I have more of a conceptual question of logistic regression. Why is that logistic regression is known as a linear model? Since we are fitting the linear regression into the sigmoid, isn’t this a non-linear model now?

Thank you!

In logistic regression, the log-odds (also called the logit) of the probability of the binary outcome is modeled as a linear combination of the input features. This is the linearity aspect of logistic regression.

The output of logistic regression is not directly the probability itself; it’s the log-odds of the probability, which is then transformed using the sigmoid function to obtain the final probability.
The sigmoid function introduces non-linearity and allows logistic regression to capture non linear relationships.

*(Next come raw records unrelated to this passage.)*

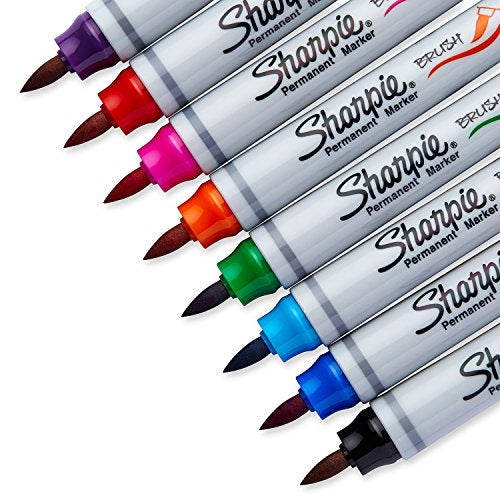 SHARPIE Brush Tip Permanent Markers, 8 Colored Markers (1810703) - Image 3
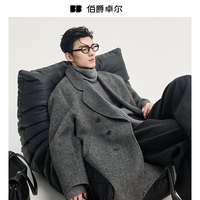 伯爵卓尔骆驼绒羊毛混纺双面呢大衣男士中长款 摩卡色 【净色】 3XL (190)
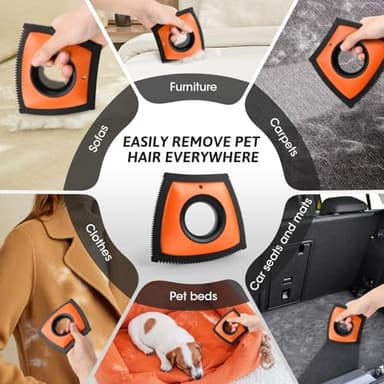 Geyrut Pet Hair Removal Tool, Dog Hair Remover for Car Couch Furniture Carpet Clothing, Triangle Multi-Surface Pet Hair Remover for Auto Interior Detailing Supplies Mini Pet Hair Detailer (Orange) - Image 7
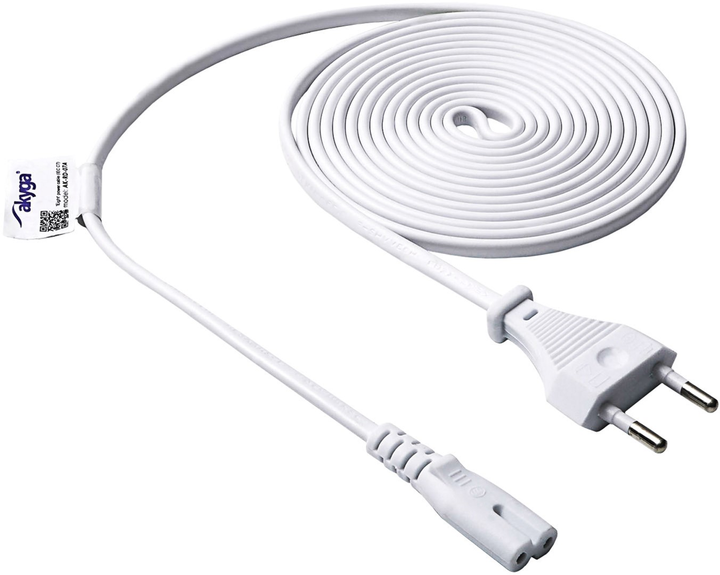 Kabel zasilający Akyga CEE 7/16 - IEC C7 3 m White (5901720137623) - obraz 1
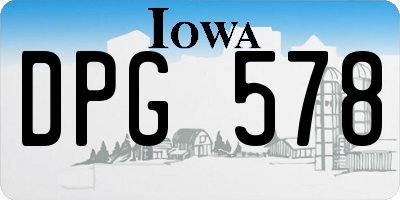 IA license plate DPG578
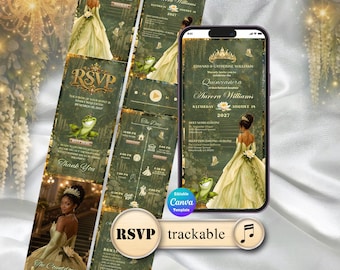 May include: A digital invitation template for a Quinceañera displayed on a smartphone screen and printed cards. The design features a dark green forest theme with a gold crown, a green frog, and a person in a yellow gown. Text includes RSVP, event details, and the name Aurora Williams.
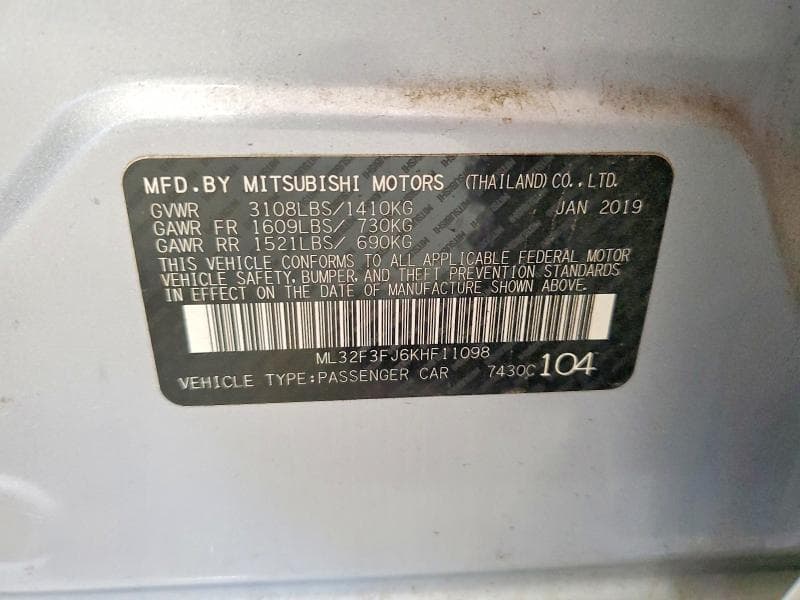 2019 MITSUBISHI MIRAGE G4 ES 13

In essence, logistic regression can be understood to have both a linear and a non linear aspect. Hope this helps.

Yes, as Lukman says, the overall function that maps the input to the prediction in Logistic Regression is a non-linear function, because of the presence of sigmoid in the composition of the function. But as Lukman also pointed out, the first step of applying the weight and bias values to the input is just a standard linear transformation. Well, some people would call it an “affine” transformation when you add the bias value. Now consider what the decision boundary looks like: we interpet the answer as “yes” or “true” if the output of sigmoid is \geq 0 and “no” or false if the output of sigmoid is < 0.5. So the decision boundary is:

\sigma\left (\displaystyle \sum_{i = 1}^n (w_i * x_i) + b\right) = 0.5

But we also know that \sigma(0) = 0.5, so the above equation is equivalent to:

\displaystyle \sum_{i = 1}^n (w_i * x_i) + b = 0

If you are familiar with Linear Algebra in more than 2 dimensions, you’ll recognize that as the equation of a hyperplane with normal vector (w_1, w_2, ...., w_n) and with distance to the origin of b. So what we have just figured out is that the decision boundaries that can be expressed by Logistic Regression are linear, meaning hyperplanes in \mathbb{R}^n. That may also be why someone would refer to LR as a “linear” algorithm, even though the full function is non-linear. Of course not all data is linearly separable, so that accounts for why LR is not as powerful as full Neural Networks, which can express non-linear decision boundaries. It may do quite a good job with some kinds of classification problems, but as we saw in DLS Course 1 it’s not as good at finding pictures of cats as a real neural network. That task requires a more complex decision boundary.